How Your Funds are Invested

With both IRAs and 401(k)s you will have the opportunity to decide how your contributed funds are invested. Types of investments include:

  • Mutual Funds
  • Company Stock
  • Bonds
  • Variable Annuities
  • Index Funds

Each type of investment has its own level of risk. Some plans may offer a target-date retirement fund – which is a portfolio made up of different investment types that automatically adjust to more conservative and low-risk options as you near retirement. Keep in mind that all of your savings, contribution, and investment decisions should be based on your personal financial needs. Discuss your situation and options with a financial advisor to decide what strategy is right for you.

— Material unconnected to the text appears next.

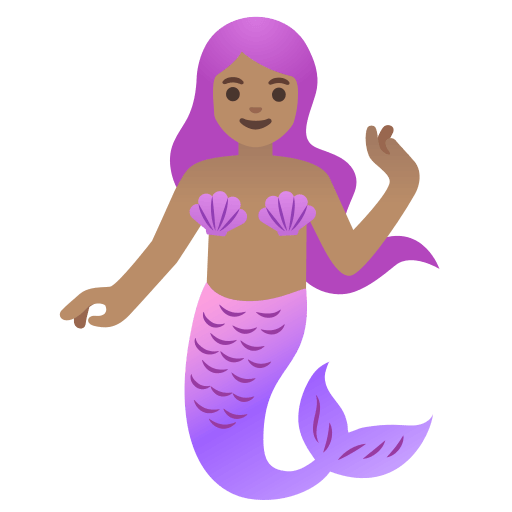 mermaid: medium skin tone — Google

Important Things to Know for 2021 (2020 Tax Year)

Contribution Limits and Deadlines for 2020 Taxes

You can make contributions to your IRA for 2020 until April 15, 2021. Your total contribution can’t be more than $6,000 ($7,000 if you’re age 50 and older), or if less, your taxable compensation for the year.

The SECURE Act

On December 20, 2019, the Setting Every Community Up for Retirement Enhancement (SECURE) Act was signed into law. The SECURE Act made numerous changes aimed at improving Americans’ ability to save for retirement. Provisions of this law are effective for the 2020 tax year and may impact your IRA.

Some key directives of the Act include:

  • A change to the required minimum distributions (RMDs) starting date age from 70½ to age 72;
  • Removal of the previous age limit to make regular contributions to a traditional IRA;
  • Changes to inherited IRA beneficiary options – requiring many beneficiaries to withdraw assets from an inherited IRA within 10 years – eliminating the “stretch” IRA.

You are encouraged to consult your tax or legal professional for further details and guidance. More information can also be found at www.irs.gov.